A personal mashup of QNX, cars, embedded systems, and photography.
Explaining a technical product to non-technical people
When people ask what your company does, what do you say? If your company makes cars or chairs or smartphones, the answer is relatively easy. But if your company makes FPGAs, realtime operating systems, or programming tools, the answer can be too down in the weeds for most people. Explaining a technical product to a non-technical audience is a challenge. To succeed, you have to meet people on their level, without being condescending. Most people love a good explanation, but everyone hates being talked down to.

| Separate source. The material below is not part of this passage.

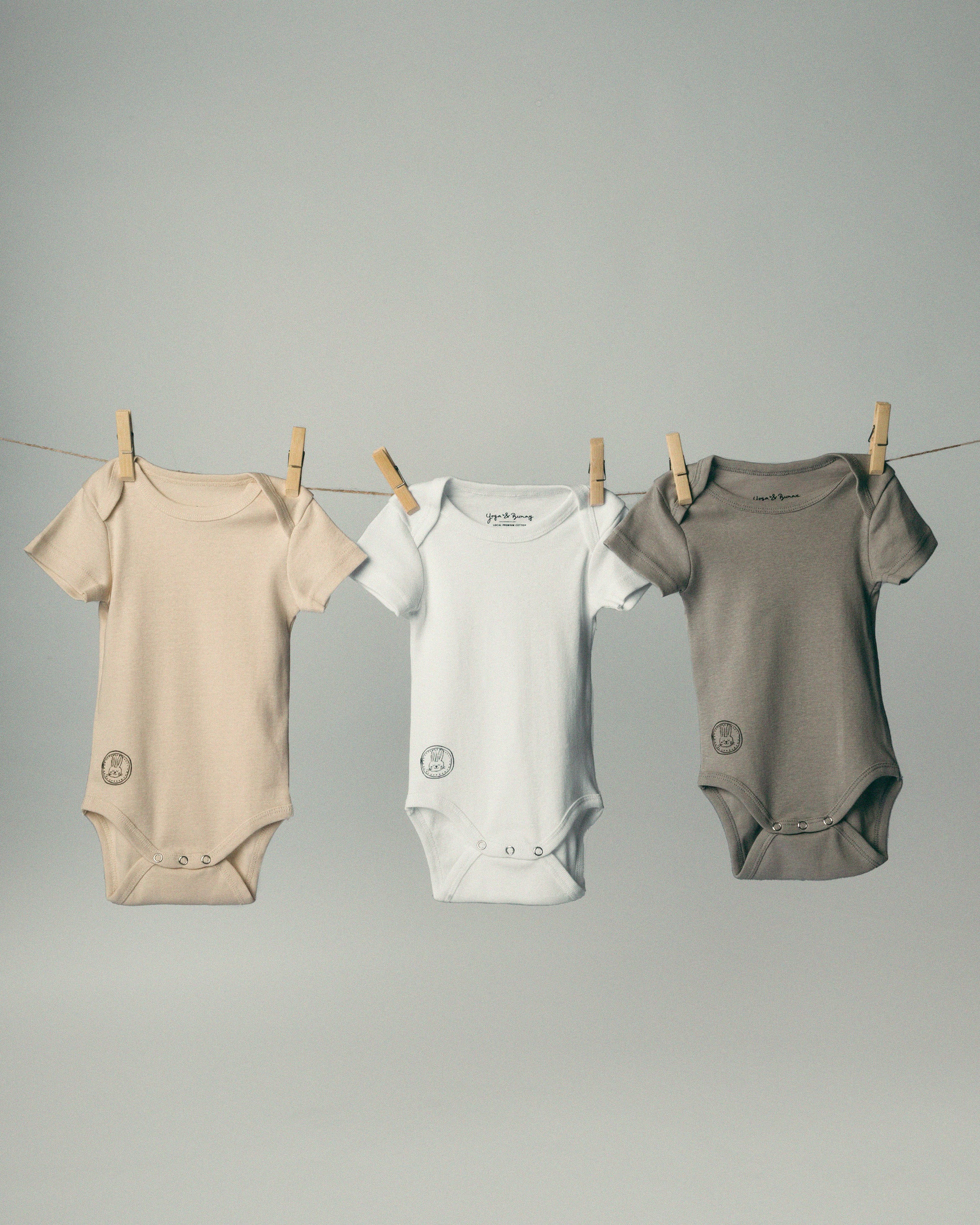 3-Pack Ultra Soft Half Sleeve Bodysuit Multi Color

One secret is to connect your product to things people do every day. At QNX, for example, we realized that our technology affects people whether they drive to work, flip a light switch, or use a credit card. So that’s how I often start the conversation.
Chances are, you used QNX technology today, without knowing it. I find this a good opening sentence. I follow it up with some examples that QNX recently published in the infographic, “35 Ways QNX Touches Our Lives” (see below). For example, QNX touches your life when you:
Flip a light switch — QNX technology controls thousands of power generation systems, from wind turbines to nuclear stations to hydroelectric plants.
Go online — QNX technology is at the core of massive Internet routers that handle data, voice, and video traffic for hundreds of millions of users every day.
Use a credit card — Banks the world over use QNX-based systems to issue payment cards and PINs, facilitating secure, reliable transactions.
Take a nap — QNX-based spinning and weaving systems produce high-quality fabrics for everything from bed sheets to towels, sweaters, and furniture.
Keep house — QNX-based robot vacuums can clean your entire home, even under beds and other furniture. So you can sit back instead of hurting your back.
Once I've provided a few of these examples, it's easier to gauge whether the listener is interested more of a deep dive — the how, rather than the what.
What about you? Have you had success explaining your technical product to non-technical audiences, be they reporters, analysts, or your great aunt Mildred? If so, what worked? What didn't?